## EXERCISE BRIEF
Look through the material that follows and show every line with the string "popup".

## STUDY MATERIAL
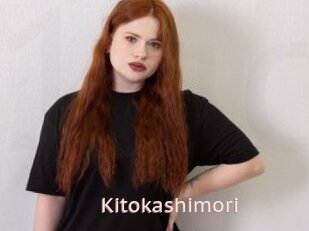 Kitokashimori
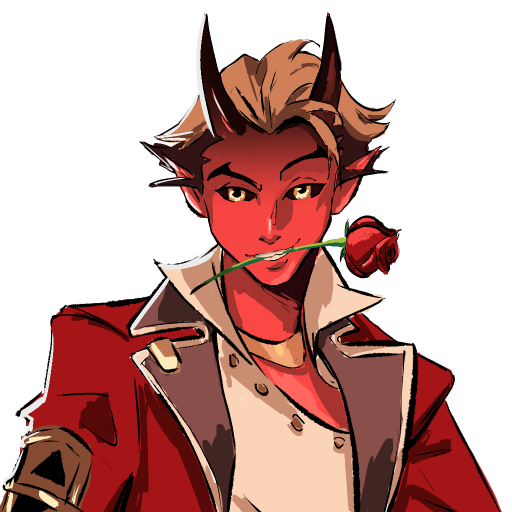 Odyssey_Box's tweet photo. I've made Deadlock Stickers!!! Here are just a few that are part of my on going sticker pack. Enjoy!!!
https://t.co/Z5yMsqw8Tz
#deadlock #deadlockart https://t.co/Q4k6ZWAfhn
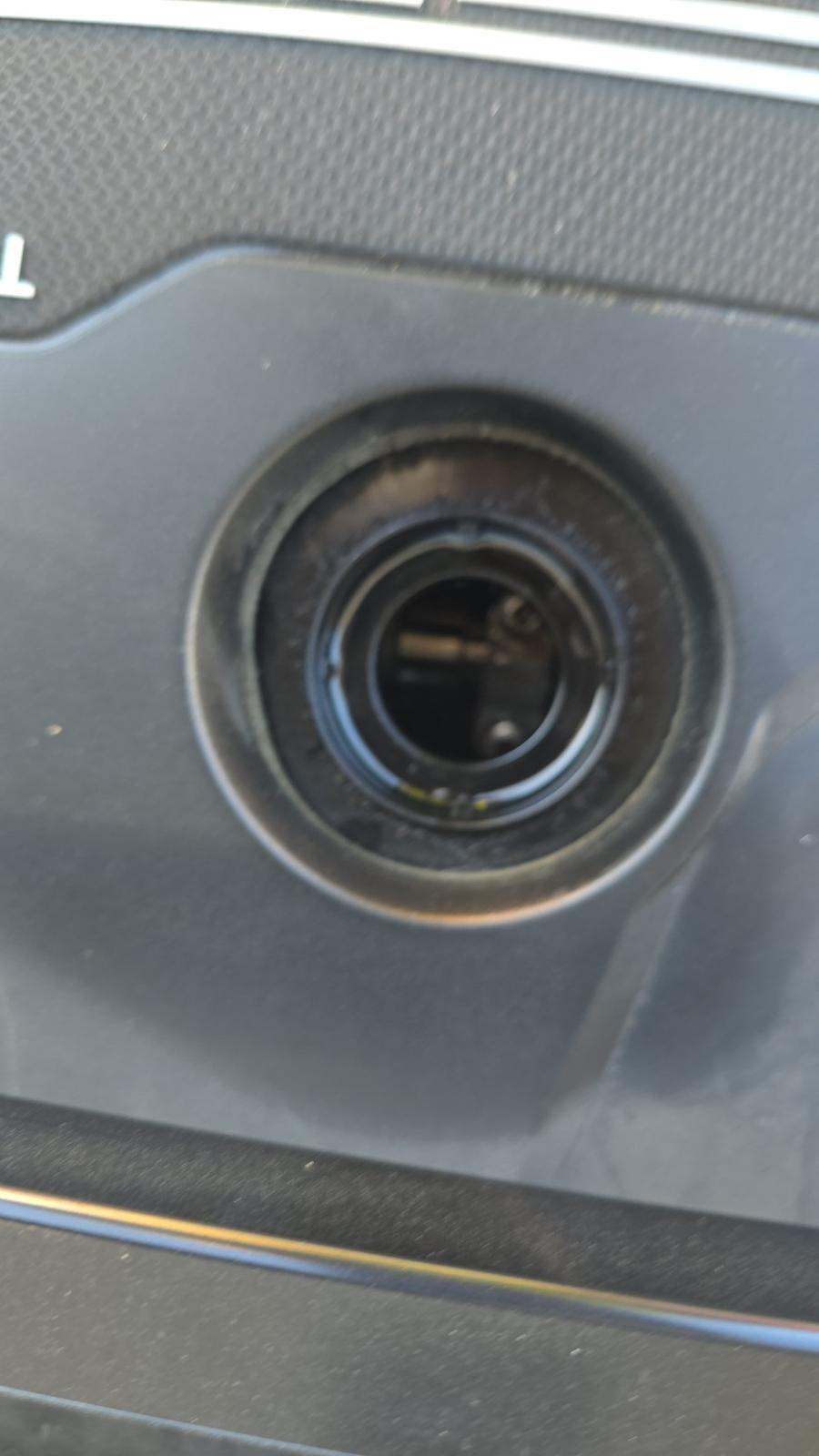 2024 BMW 2 Series 228i xDrive AWD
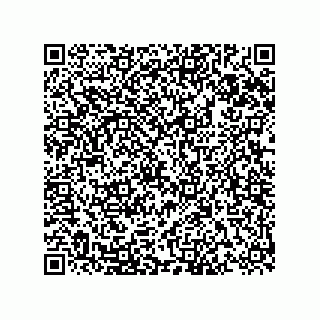 vCard 74742700123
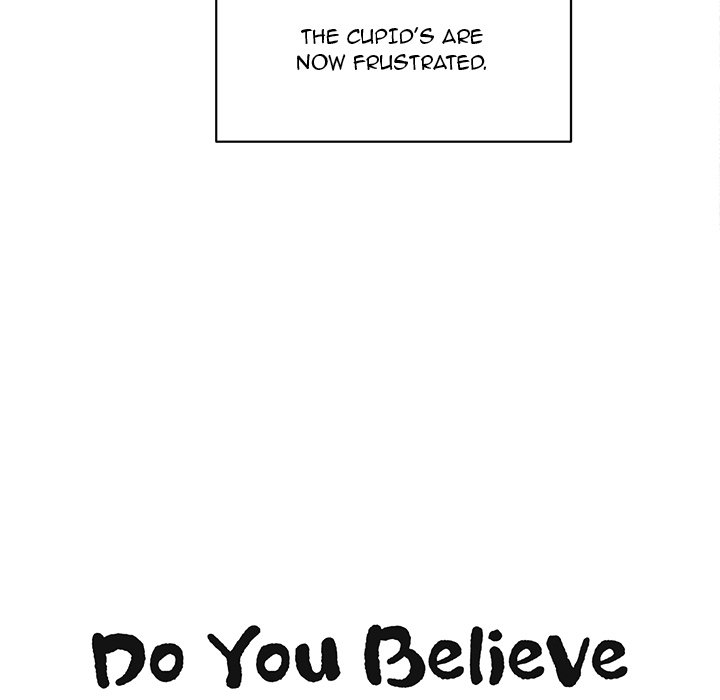 Do You Believe in Ghosts? - episode 34 - 12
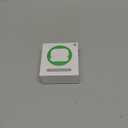 Wireless Charging Case Compatible with AirPods 3rd Generation, AirPod 3rd Gen Charger Cases Replacement with Bluetooth Pairing Sync Button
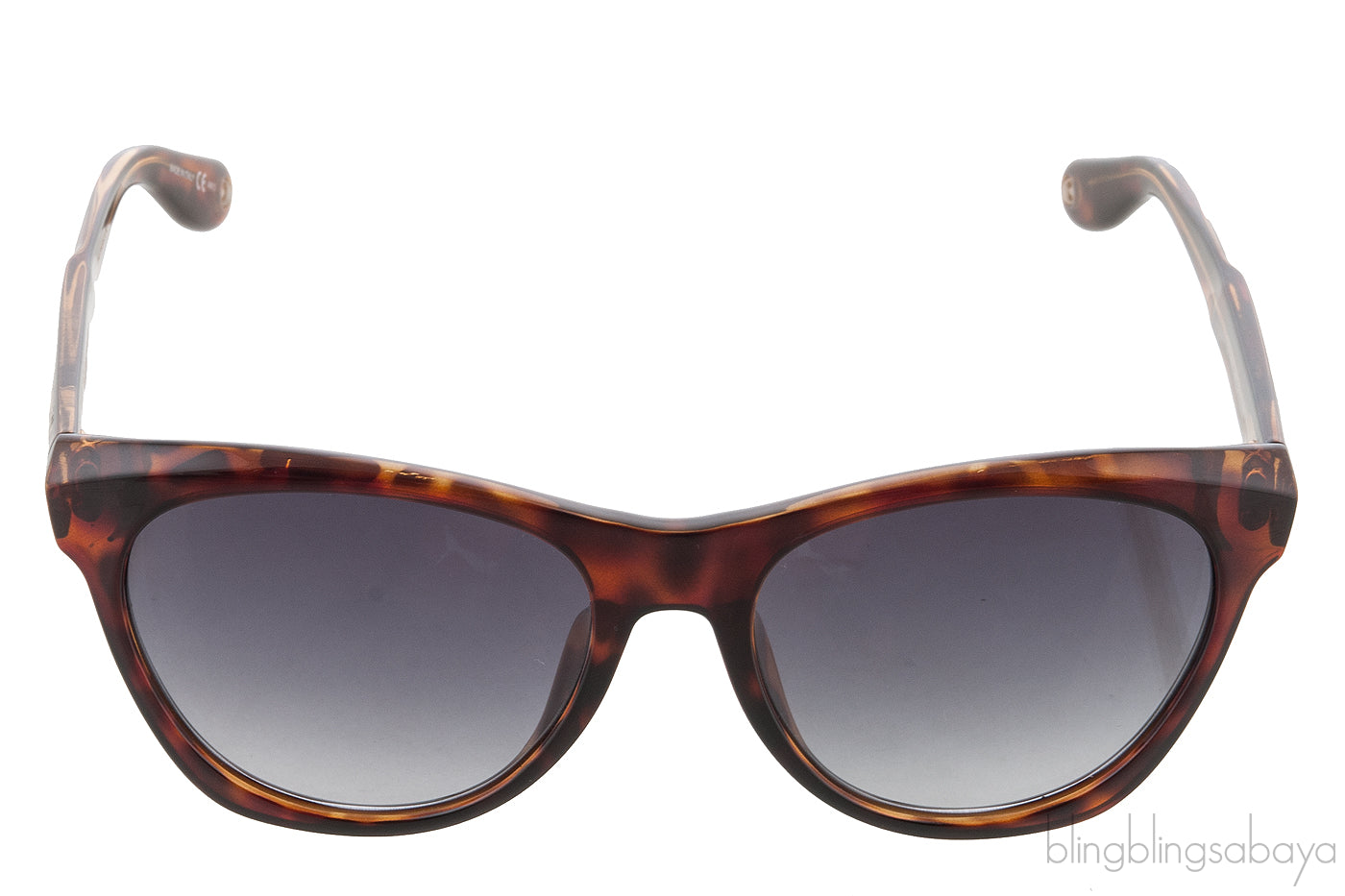 Givenchy GV7068S Brown Sunglasses
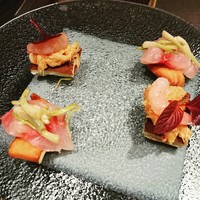 アルゴリズム - 
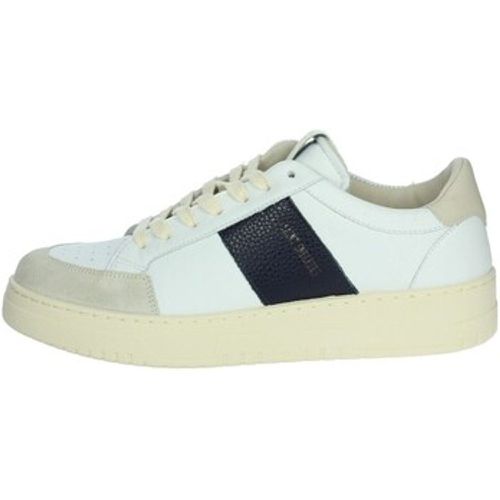 Saint Sneakers Turnschuhe SAIL - Saint Sneakers - Modalova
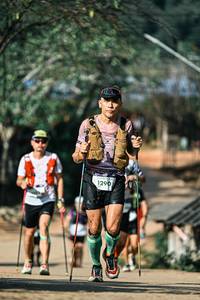 BIB: 
                            <button type="button" onclick="openModal(25982117)" class="btn btn-primary btn-sm float-right btn-popup" data-toggle="modal" data-target=".modal-high-quality">
                        <i class="fas fa-shopping-cart"></i> Add to Cart
                    </button>
                                            <button type="button" onclick="isThisMe(25982117, true)" class="btn btn-success btn-sm float-right btn-popup btn-isme hidden" data-toggle="tooltip" data-placement="bottom" title="นี่คือรูปของคุณใช่ไหม คลิกที่นี่เพื่อเอาเข้าอัลบั้ม">
                        <i class="fas fa-plus"></i> Add to album
                    </button>
                    <button type="button" onclick="isThisMe(25982117, false)" class="btn btn-warning btn-sm float-right btn-popup btn-isnotme hidden">
                        <i class="fas fa-ban"></i> Remove from album
                    </button>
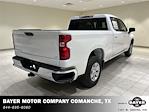 2026 Chevrolet Silverado 1500 Crew Cab 4x2 Pickup for sale #54953 - photo 5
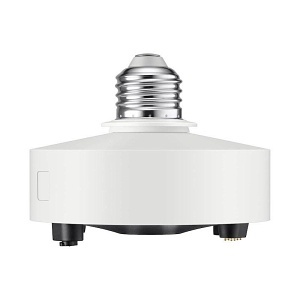 Samsung VG-FSA3BA/ZA The Freestyle Socket Adapter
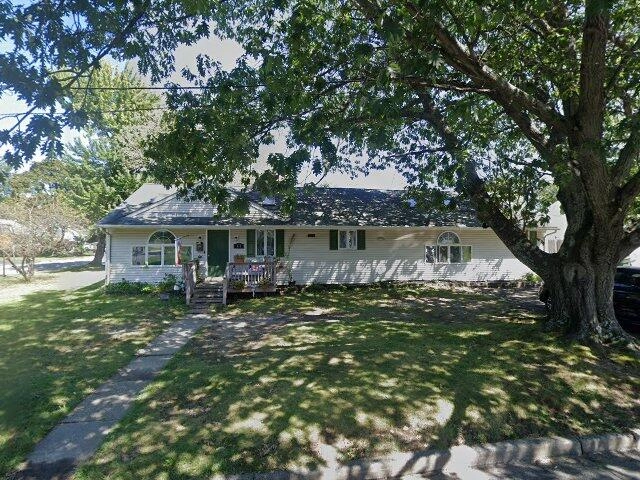 House image located at Eatontown, NJ 07724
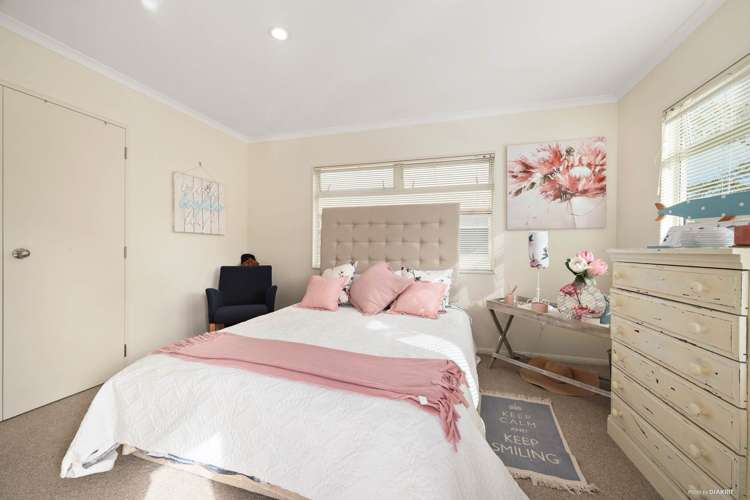 10/148 Brightside Road Stanmore Bay_11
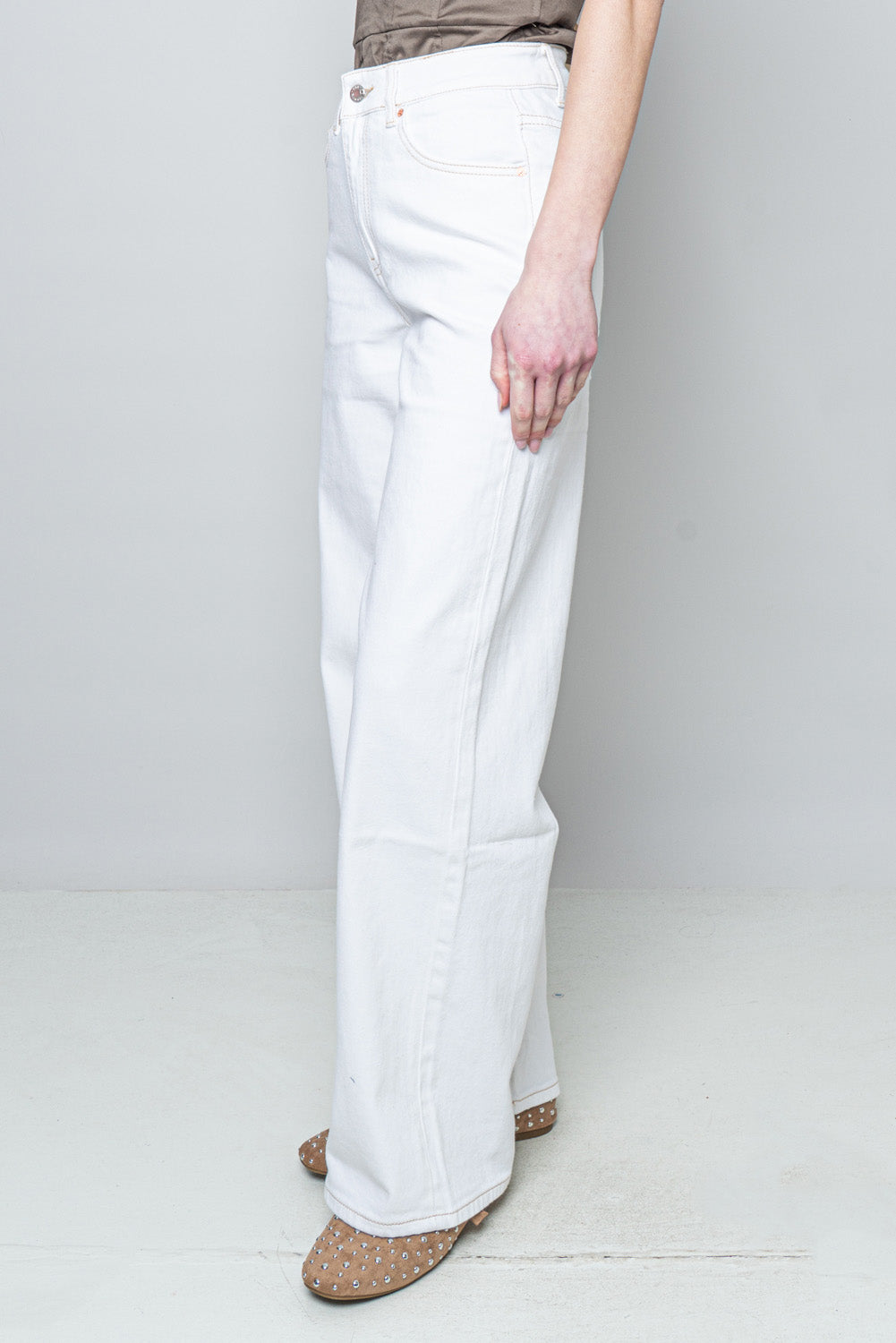 NINA MSBN3031BIANCO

## SOLUTION TO THIS PROBLEM
                            <button type="button" onclick="openModal(25982117)" class="btn btn-primary btn-sm float-right btn-popup" data-toggle="modal" data-target=".modal-high-quality">
                                            <button type="button" onclick="isThisMe(25982117, true)" class="btn btn-success btn-sm float-right btn-popup btn-isme hidden" data-toggle="tooltip" data-placement="bottom" title="นี่คือรูปของคุณใช่ไหม คลิกที่นี่เพื่อเอาเข้าอัลบั้ม">
                    <button type="button" onclick="isThisMe(25982117, false)" class="btn btn-warning btn-sm float-right btn-popup btn-isnotme hidden">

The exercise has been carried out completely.